DedupEndNote - deduplicate 2 files

1a. OLD records


1b. NEW records


2. START

3. RESULT

Progress

Waiting for new input file ...

Steps

(The names of the EndNote databases and the RIS files are just examples)

  1. Export your existing EndNote database OLD as a RIS file OLD_RECORDS.txt
  2. Import the results from the second query into a new EndNote database NEW
  3. Export the NEW EndNote database as NEW_RECORDS.txt
  4. Upload these 2 RIS files on this page
  5. DedupEndNote will deduplicate both files, and save only the records from NEW_RECORDS.txt which are not present in OLD_RECORDS.txt. If a record occurs multiple times in NEW_RECORDS.txt, it will be saved only once
  6. Save the result file as a local file (NEW_RECORDS_deduplicated.txt)
  7. Import NEW_RECORDS_deduplicated.txt in a new EndNote database if you want only to see the new records. Otherwise, import them into EndNote database OLD

Why deduplicate 2 files?

  • You have executed a query in a bibliographic database (e.g. PubMed) and imported the results in an EndNote database. Some time later you execute that query again (maybe after changing the query) in the same bibliographic database or a another query in another bibliographic database. You want to know which results from the second query are not present yet in the existing EndNote database.
  • You have assigned the records in the original EndNote database to several groups. If you add records from a new query to that EndNote database and deduplicate all records with DedupEndNote, you would lose that grouping information: EndNote export files do not retain grouping information!
  • You have results from several bibliographic databases (PubMed, Cochrane, EMBASE, ...) and no EndNote database yet. You prefer PubMed records above Cochrane records above EMBASE records ... (when a duplicate set has PubMed, Cochrane and EMBASE records, you want the PubMed record, when it has Cochrane and EMBASE records, you want the Cochrane record, ...).
    Steps:
    1. import the results in EndNote databases PUBMED, COCHRANE and EMBASE
    2. export these EndNote databases as PUBMED_RECORDS.txt, COCHRANE_RECORDS.txt, EMBASE_RECORDS.txt
    3. deduplicate PUBMED_RECORDS.txt as 1 file, import PUBMED_RECORDS_deduplicated.txt into a new EndNote database ALL
    4. export the EndNote database ALL as ALL_RECORDS.txt
    5. deduplicate ALL_RECORDS.txt and COCHRANE_RECORDS.txt as 2 files, and import COCHRANE_RECORDS_deduplicated.txt into EndNote database ALL
    6. repeat steps 4 and 5 for the other EndNote export files from step 2

    See also the FAQ for another way to achieve this.

Mark Mode

In Mark mode the duplicate records in the file with new records are marked with the IDs of the first record of a set of duplicate records. If the duplicate record was found in the file with old records, the ID is preceded with "-". When a record has no duplicates, no ID is used. The input file with new records is copied to the output file but the IDs of the duplicate records are written to the Label field ("LB"). The original content of the Label field is overwritten! The DOI and Pages fields are not changed.

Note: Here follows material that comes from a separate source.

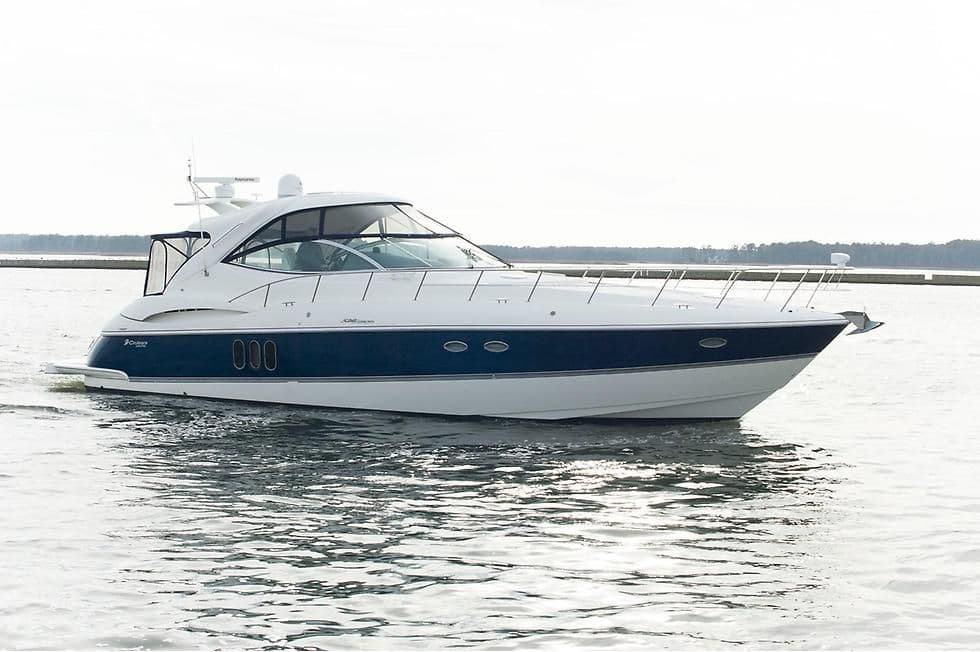 Cruisers Yachts 560 Express for Sale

After importing the result file ("..._mark.txt") into a new EndNote database, making the Label field visible, and sorting on the Label field:

  • records without Label content were unique in both files
  • records with a negative Label were already present in the file with old records
  • records with a positive Label had duplicates in the file with new records

Caveat

  • If you have deleted records in the original EndNote database, and the second set contains records which are duplicates of the deleted records, these records from the second set will be present in the deduplication results. See the FAQ for a solution with new projects.
  • DO NOT use the output file of a deduplication as an inputfile for another deduplication. The first output must first be imported in an EndNote database (acquiring ID's) and exported again. This export file (with the ID's) can be used as inputfile for the another deduplication.
  • Updates in the new file for ahead-of-print publications in the old file will NOT appear in the result file!